The Grange meetings held there. I don’t remember
a whole lot about the meetings but I do remember that
Elof Johnson was the Grange Master. The house where
the Tilly’s currently live was a great place to
hang around as a child. Back then it was the Brown family
who lived there. Nelson Brown was my age and for a period
we were pretty good friends. Hobson Brown was the Father
and he lived there as a widower I believe. I remember
hearing that his wife was from the Piels family. (beer
fame). Anyway it was big estate back then. Prior to
1955 I can remember going down into the woods behind
the barn (the barn now converted to a house where Gary
Arnold lives) and swimming in Leadmine brook. There
was a dammed area and it had a bath house right there
next to a nice pool. The bath house had a full length
porch on the front (river side) of the building. After
the flood of 1955 the dam is gone and only a shell of
the bath house remains. It is still visible when you
walk one of the trails at the recreation area off of
Rt 4. Playing “war’ on the part of the property
where the “tea house” is was always fun.
The Tea House was considered a WWII “Pill Box’

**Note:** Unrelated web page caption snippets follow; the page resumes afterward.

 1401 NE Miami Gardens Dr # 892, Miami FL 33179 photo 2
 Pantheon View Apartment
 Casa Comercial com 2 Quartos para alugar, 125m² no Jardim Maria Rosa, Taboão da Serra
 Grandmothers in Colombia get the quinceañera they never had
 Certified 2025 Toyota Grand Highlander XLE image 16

and we killed every Nazi and "Commie" that
tried to over take the hill. Inside the barn there was
a neat fort on on the second level of what must have
been a hay loft.
Down the road a bit was Paul Pekhams farm, that big
beautiful house where Skip Day and his wife now live.

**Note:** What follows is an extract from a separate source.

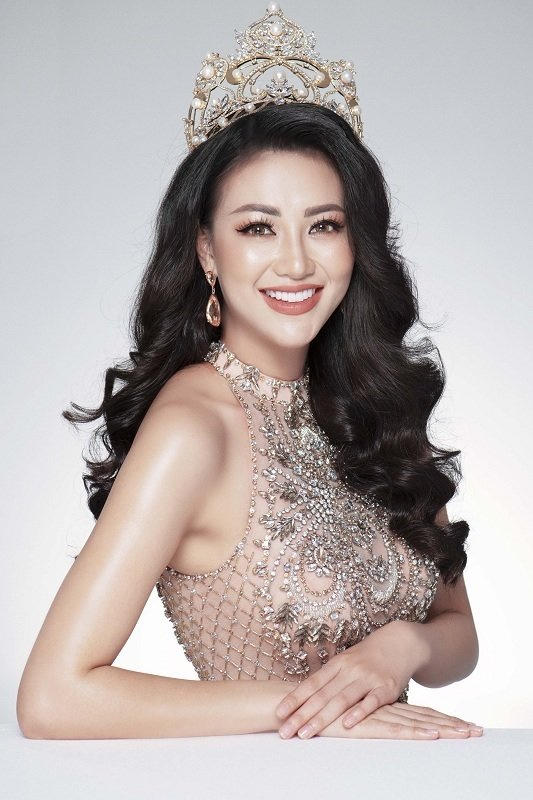 Vượt qua gần 90 người đẹp từ khắp nơi trên thế giới, đại diện Việt Nam - Nguyễn Phương Khánh đã chính thức chạm tay vào chiếc vương miện cao quý của Hoa hậu Trái đất 2018.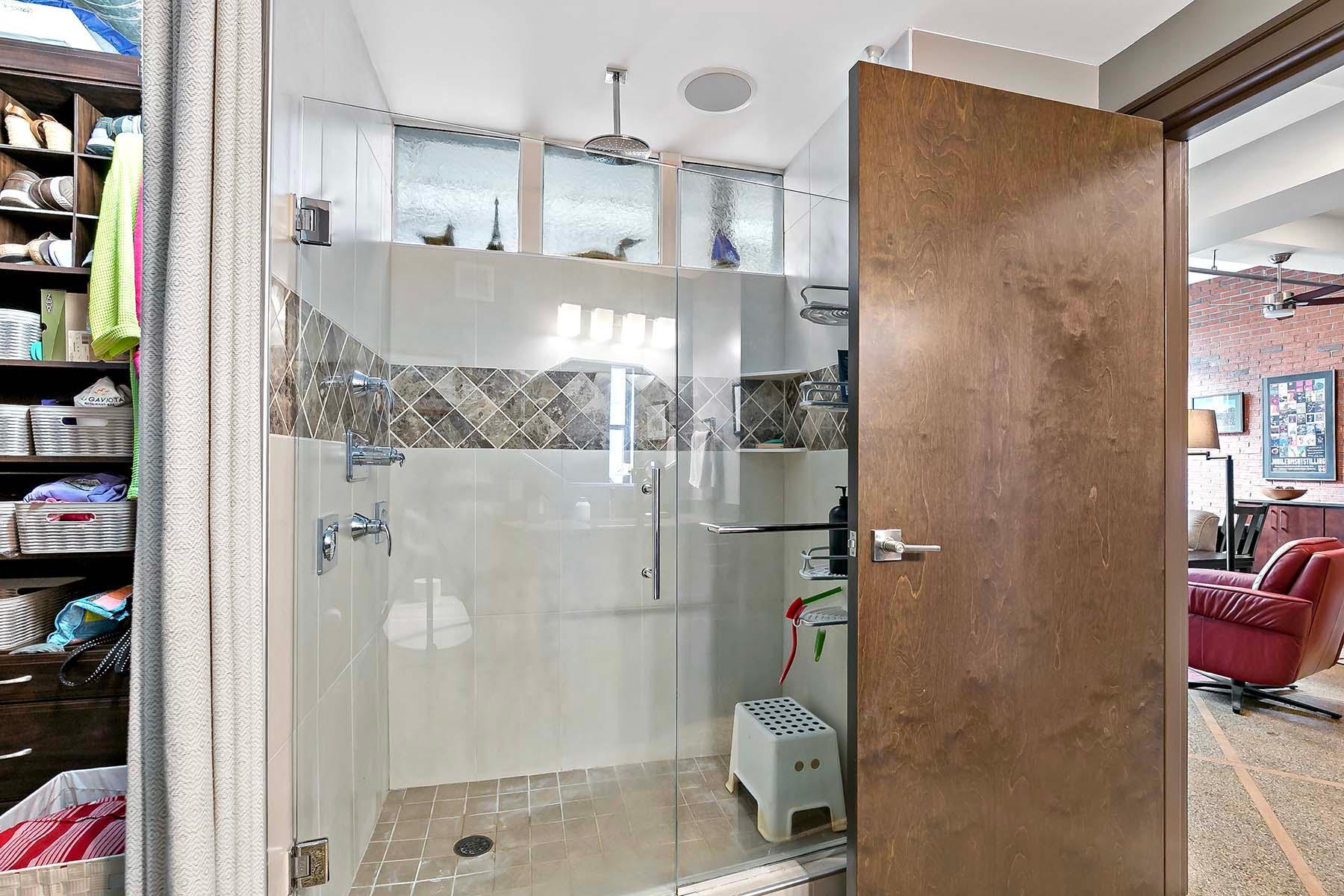 350 Saint Peter Street 606 Property Photo 25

When I was a kid he would hook up his horse to a wagon
and bring it down the road picking up kids on Saturday
mornings on the way for a short ride down to Swimmimg
Hole Road and back. You could always hear them coming
with the wagon wheel on the tarred road. Mr. Pekham
would always yell ‘heaww” when he wanted
his horse to start. Across the street, in the old academy
lived Mrs Roe. Not sure what the deal was but she had
tin foil on the trees everywhere. Trying to ward off
evil spirits was the rumor. I guess it worked as I never
saw an evil spirit on the whole road. She also had a
tennis court on the left hand side of the road heading
south. The court was all fenced in and she would have
occasional party’s for the neighborhood kids.
I remember being inside that fenced in area with the
gate shut and locked. While everyone was having fun,
I couldn’t wait to get outta there! I remember
when Village Lane was being built and the hopes of some
new kids in the hood. It was the Swoyer family that
provided Buzzy and his sister Cathy to the neighborhood.
Our neighbors were the Cables. Walt and his wife Luella
and their kids Patty, Kathy, Rodney and Bobby. They
had a dog named Laddy who was the scourge of the neighborhood.
I don’t remember seeing him untied very often
but I sure remember him being mean. Next to them was
a little cottage where Gary Johnson lived. We had a
lot of fun together while they lived there. Gary’s
place was flanked by his Aunts and Uncles. The Cables
on one side and the Petersons on the other Mrs Peterson
(Elsie) was the daughter of Elof and Lulu Johnson who
lived one house down from them. From the Deremus house
(Brick house across from Tennis club) to the South cemetery,
there where no houses on that side of the road. Next
to the cemetery it was fairly open there and Mr. Pekham
used to keep his horse inside that area. Parker Boylan
now has a house in there. Across the street from us
was all an open meadow full of blueberry bushes. We
used to spend hours with a quart jar hung off of our
belts, picking blueberries. I used to try and time it
so I was in there when Kathy Cable was in there, I always
had a crush on her but I guess she didn’t like
younger guys. She was a real sweetheart. In the far
corner of that lot is an old road that leads down to
Leadmine Brook. I’ve spent hours down in that
area as a kid. Once, about two days after a thunderstorm,
I was walking down there and found a huge maple tree
that was smoldering from an apparent lightning strike
a few days earlier. I called the Fire Dept and felt
like a real hero. That is until I realized I called
West Side instead of Center. There was a rivalry between
the two organizations back in those days. My cousin,
Fire chief Norman Barber sure let me know about it.